Most people who are familiar with Yvette’s music aren’t surprised by her lyrical content, which talks about sex, twerking, giving men a taste of their own medicine, and more.

“I rap about what I wanna rap about because I know that sex sells, and I know women are not supposed to talk about that,” she said. 

“Men have this mindset that women are not supposed to say what they like during sex or they’re not supposed to talk about the things that turn them on. I’m gone talk about it. I’m gone be blunt.

“I have always been outspoken. I have never let it be, you are supposed to do this, you are supposed to do that. I am not supposed to do anything, but what I want to do.”                 

Yvette has exciting news for the end of next month: the video for her song “Dog A** N***a” will air on BET.  Details will be shared closer to the date.

DJ Tab and Yvette also plan to release her album sometime thissummer and host her first tour late-summer/early-fall depending on COVID-19 restrictions.

It’s been a while for a big-named female rapper to blow up from St. Louis. Yvette plans to change that by continuing to release more music and shine more light on the city as she becomes more popular.

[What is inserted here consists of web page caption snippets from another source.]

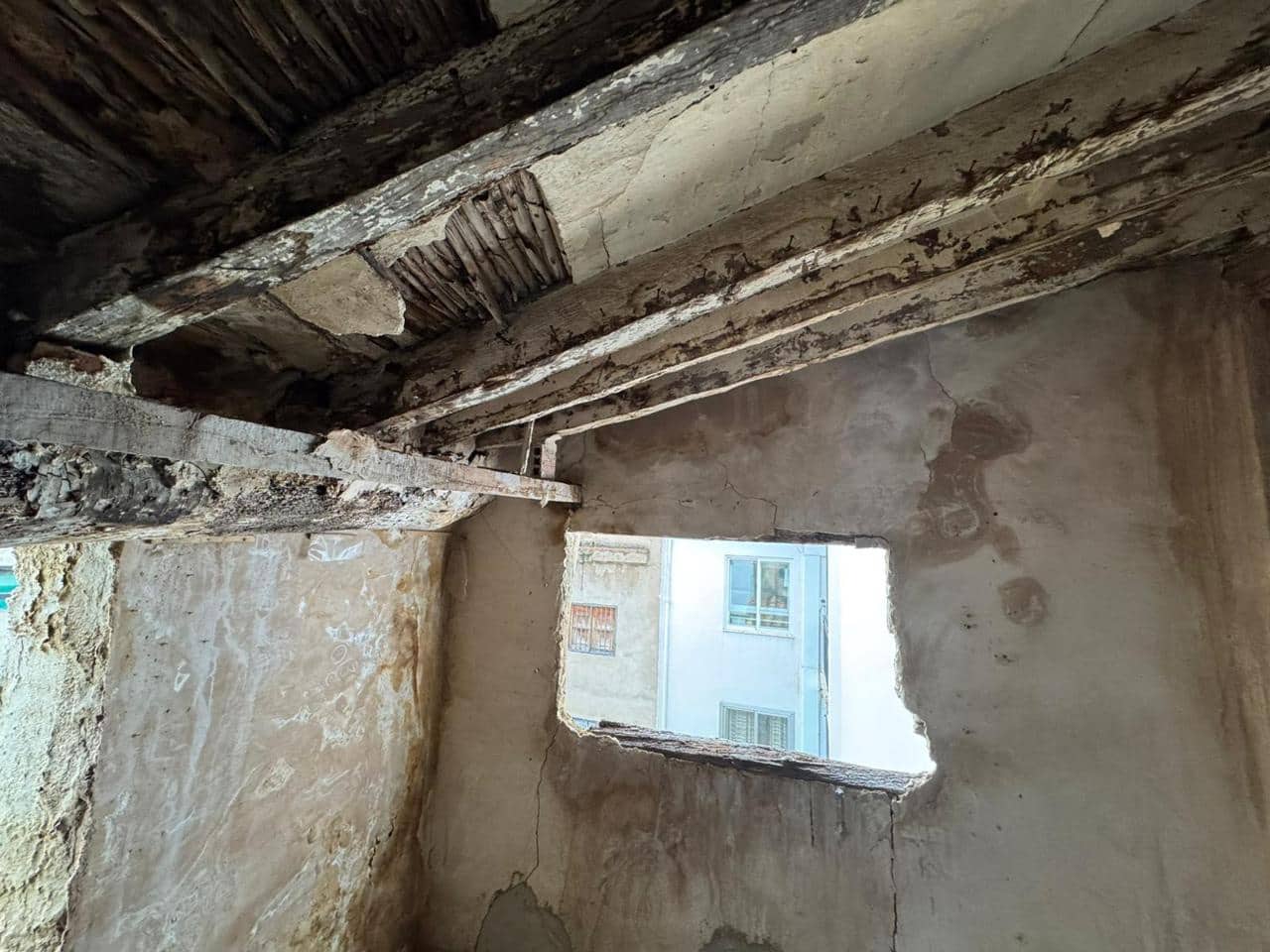 6 bedroom Villa for sale in Jerica - € 47,000 (Ref: 9532762)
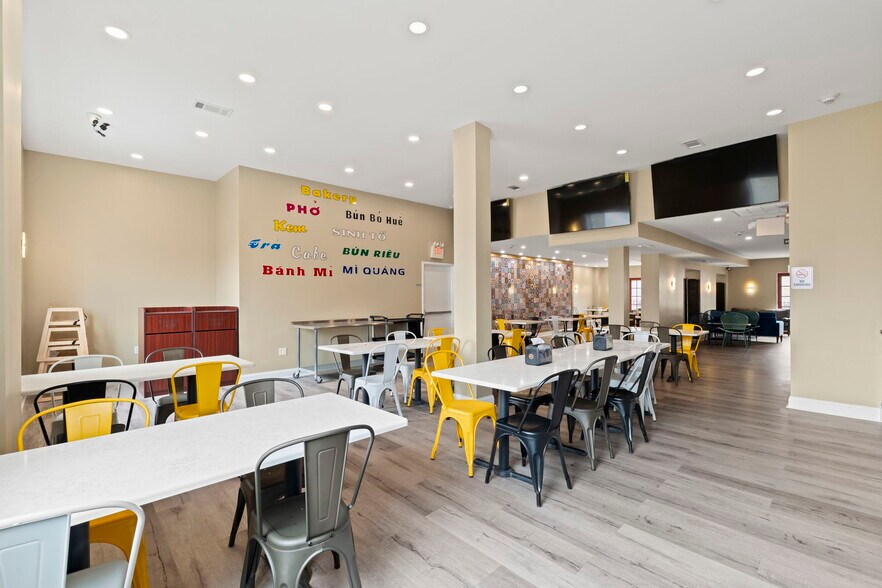 More Photos Of 1627 E Passyunk Ave, Philadelphia Storefront Retail Residential For Sale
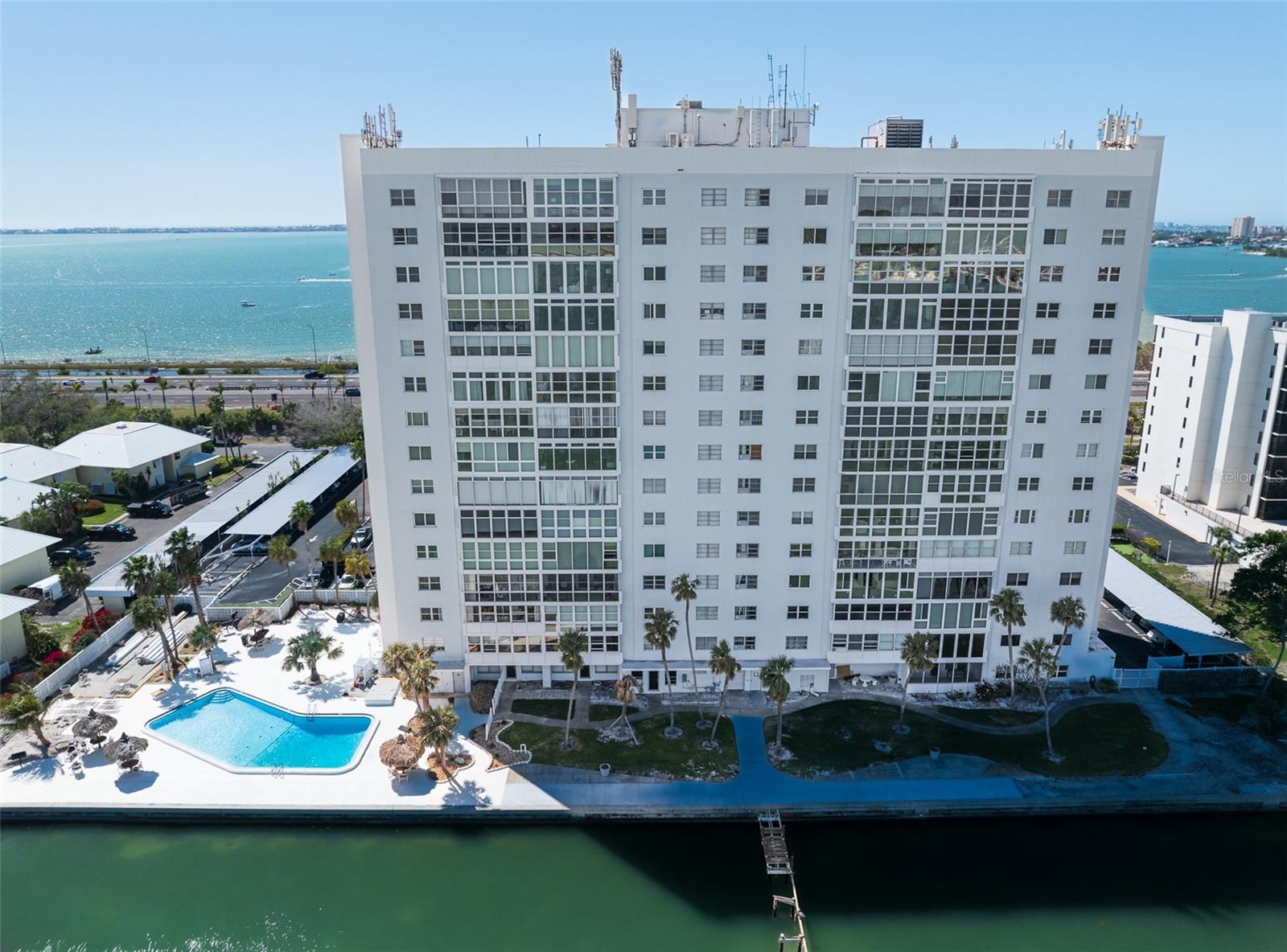 SKY HARBOUR CONDO APTS - Residential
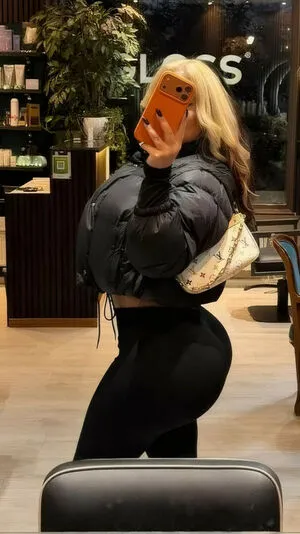 IvySky OnlyFans Leaked Free Thumbnail Picture - #jZ2AmOadmX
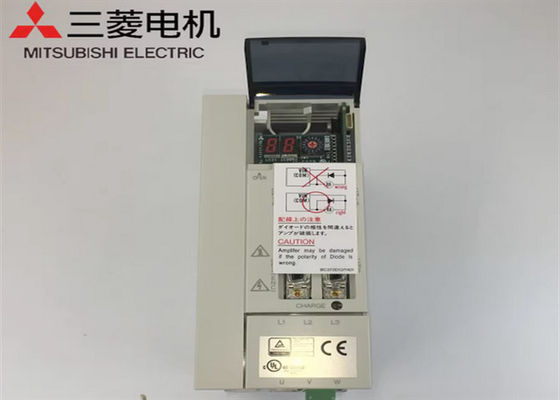 El servo industrial MR-J2S-20A-S011 conduce el amplificador servo de Mitsubishi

“The thing about our city is, sometimes people have a ‘crabs in a bucket’ mentality,” she said. “We have to stop being that way. We must be able to support each other without tearing each other down. I want to change that. I want to help the upcoming artists from my city win. We all can eat. It’s enough room for everybody.”

“Out of all the artists from St. Louis, Yvette has the chance to be our city’s Megan Thee Stallion,” DJ Tab said. “Mark my words, she’s the next big thing.”